Training Agents with Weakly Supervised Feedback from Large Language Models
Dihong Gong, Pu Lu, Zelong Wang, Meng Zhou, Xiuqiang He
TL;DR
This work tackles scalable training of LLM-based agents without expert demonstrations or definitive environmental rewards by introducing a weakly supervised critic LLM that scores agent trajectories. The approach uses an iterative loop of trajectory sampling, critic evaluation, and supervised fine-tuning, formalized with a trajectory set $T$ across $N$ instructions and $K$ samples per instruction, and optimized via a negative log-likelihood objective. Experiments on API-Bank show that open-source models such as Yi-6B and Llama2-13B can achieve performance approaching GPT-4, highlighting the practical potential of weak supervision for multi-domain API usage. Overall, the method reduces reliance on labeled data and demonstrates scalable, incremental learning for task-oriented agents with strong cross-domain capabilities.
Abstract
Large Language Models (LLMs) offer a promising basis for creating agents that can tackle complex tasks through iterative environmental interaction.

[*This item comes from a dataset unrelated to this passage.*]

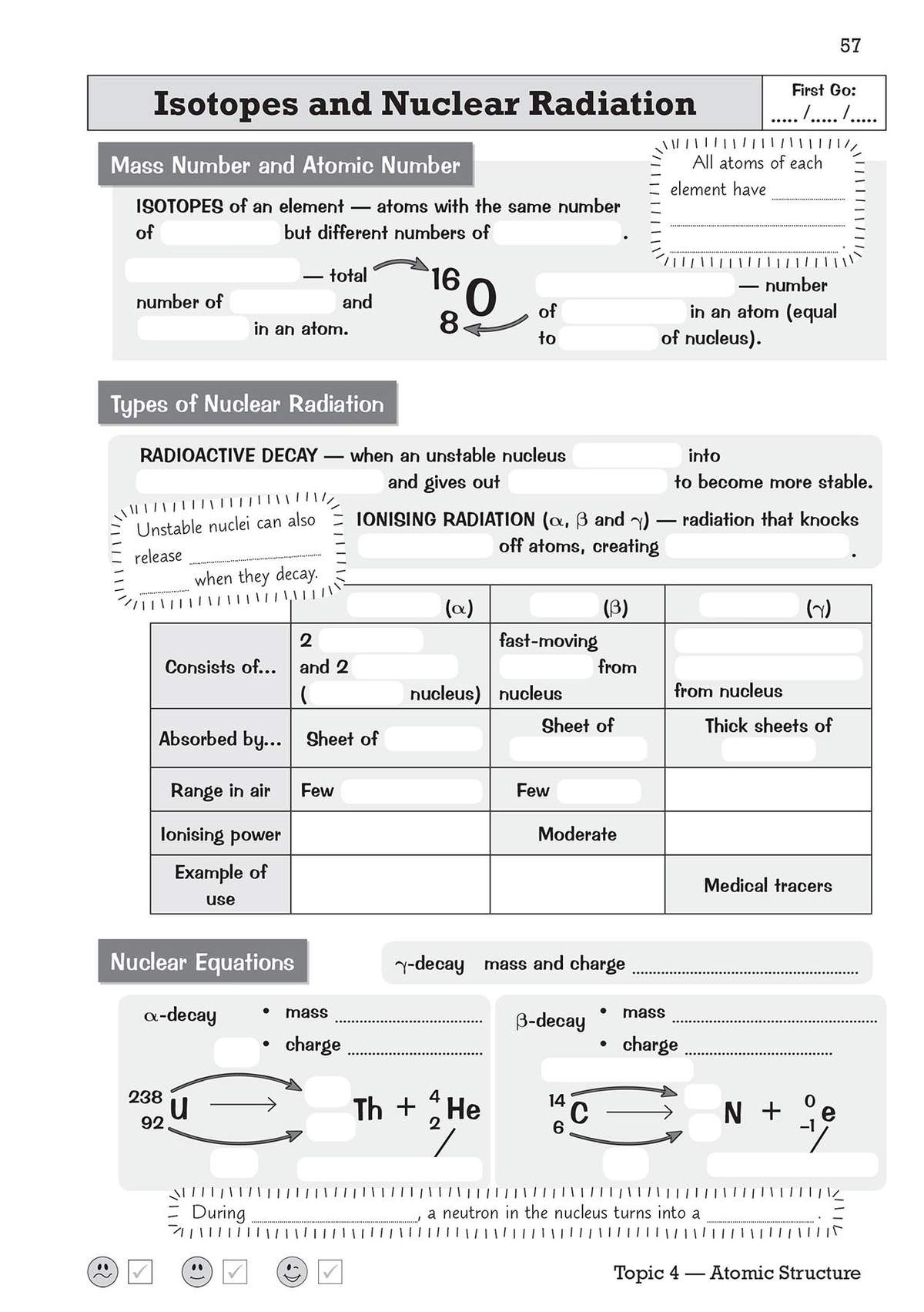 Clear notes on isotopes and nuclear radiation, with a table comparing alpha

Existing methods either require these agents to mimic expert-provided trajectories or rely on definitive environmental feedback for reinforcement learning which limits their application to specific scenarios like gaming or code generation. This paper introduces a novel training method for LLM-based agents using weakly supervised signals from a critic LLM, bypassing the need for expert trajectories or definitive feedback. Our agents are trained in iterative manner, where they initially generate trajectories through environmental interaction. Subsequently, a critic LLM selects a subset of good trajectories, which are then used to update the agents, enabling them to generate improved trajectories in the next iteration. Extensive tests on the API-bank dataset show consistent improvement in our agents' capabilities and comparable performance to GPT-4, despite using open-source models with much fewer parameters.